Conventionally, in such copying machines, capacitor run type induction motors have been exclusively used as motors.

However, in an induction motor, when the load torque increases relative to the rotational speed of the induced rotating magnetic field, slippage increases and the rotational speed tends to decrease. Additionally, when the voltage supplied to the motor decreases, slippage increases even under constant load.
In this case as well, the rotational speed tends to decrease. With this type of induction motor, the rotational speed changes depending on multiple factors, making it difficult to synchronize the leading edge of the paper and the leading edge of the image with high precision, or to perform overlapping copying multiple times on a single sheet of paper. There is an inconvenience. Therefore, it has been proposed to use a relatively inexpensive synchronous motor as the drive motor, which exhibits almost no speed change due to variations in load torque or power supply voltage.

'However, when the frequency of a synchronous motor fluctuates, the rotational speed also fluctuates accordingly, so there was a problem in that the fusing performance in the fusing section, which is controlled at a constant temperature, changed in response to fluctuations in the power supply frequency. . That is, as the power supply frequency increases, the conveyance speed of the paper increases accordingly, resulting in poor fixing performance at the fixing section.

<Object of the Invention> The object of the present invention is to provide a power supply frequency detection means for detecting the power supply frequency and a timer means for adjusting the interval between one copying process and the next copying process based on the detected frequency.

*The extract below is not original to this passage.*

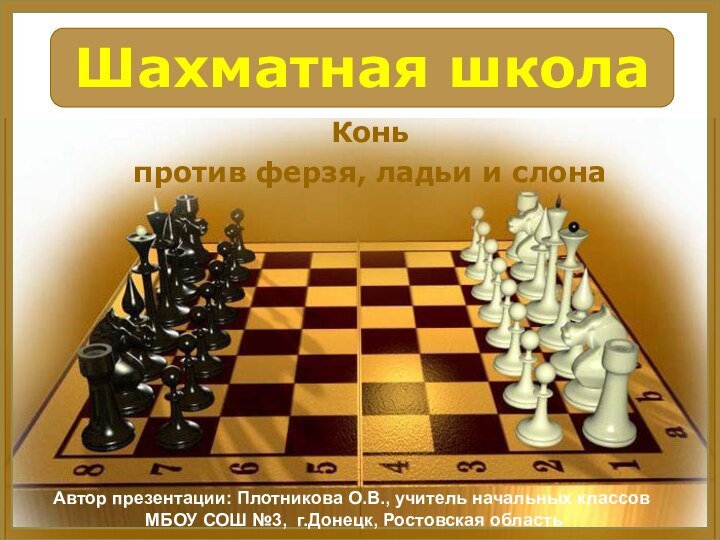 Шахматная школаКонь против ферзя, ладьи и слонаАвтор презентации: Плотникова О.В., учитель начальных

An object of the present invention is to provide a control device for a copying machine using a synchronous motor that compensates for fixing followability in a fixing section and makes the number of copies constant.

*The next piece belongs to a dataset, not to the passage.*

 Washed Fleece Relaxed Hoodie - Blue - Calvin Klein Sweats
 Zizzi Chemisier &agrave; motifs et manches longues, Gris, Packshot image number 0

<Structure and Effects of the Invention> The present invention provides a copying machine in which a rotating body is driven by a synchronous motor, including a timer means that is activated during a copying process and sets the state to enable the next copying process after time-up; A power supply frequency detection means for detecting the power supply frequency of the motor; and a timer time setting means for setting the timer time of the timer means based on the frequency detected by the input frequency detection means. According to the present invention configured as described above, when the power supply frequency fluctuates, the fluctuation is detected by the power supply frequency detection means, and based on the detected power supply frequency, the fluctuation is detected until the next copying process is executed. The interval is adjusted by timer means.

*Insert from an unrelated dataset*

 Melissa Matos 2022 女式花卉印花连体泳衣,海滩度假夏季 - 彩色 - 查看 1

That is, if the timer time setting means is set so that the timer time becomes longer as the power supply frequency becomes higher, the time between two copying processes becomes longer as the power supply frequency becomes higher. Therefore, even if the power supply frequency becomes high, it is possible to prevent the fixing performance from deteriorating.

As described above, according to the present invention, by using a synchronous motor, paper can be conveyed with high accuracy even when there are fluctuations in the power supply voltage or load torque, and even when the power supply frequency fluctuates. Since the time until the next copying process is executed is adjusted according to the fluctuation, it is possible to compensate for the fixing followability, prevent paper from having poor fixation, and reduce the number of copies per short time. This has the advantage that the number of copies per copy can always be kept constant.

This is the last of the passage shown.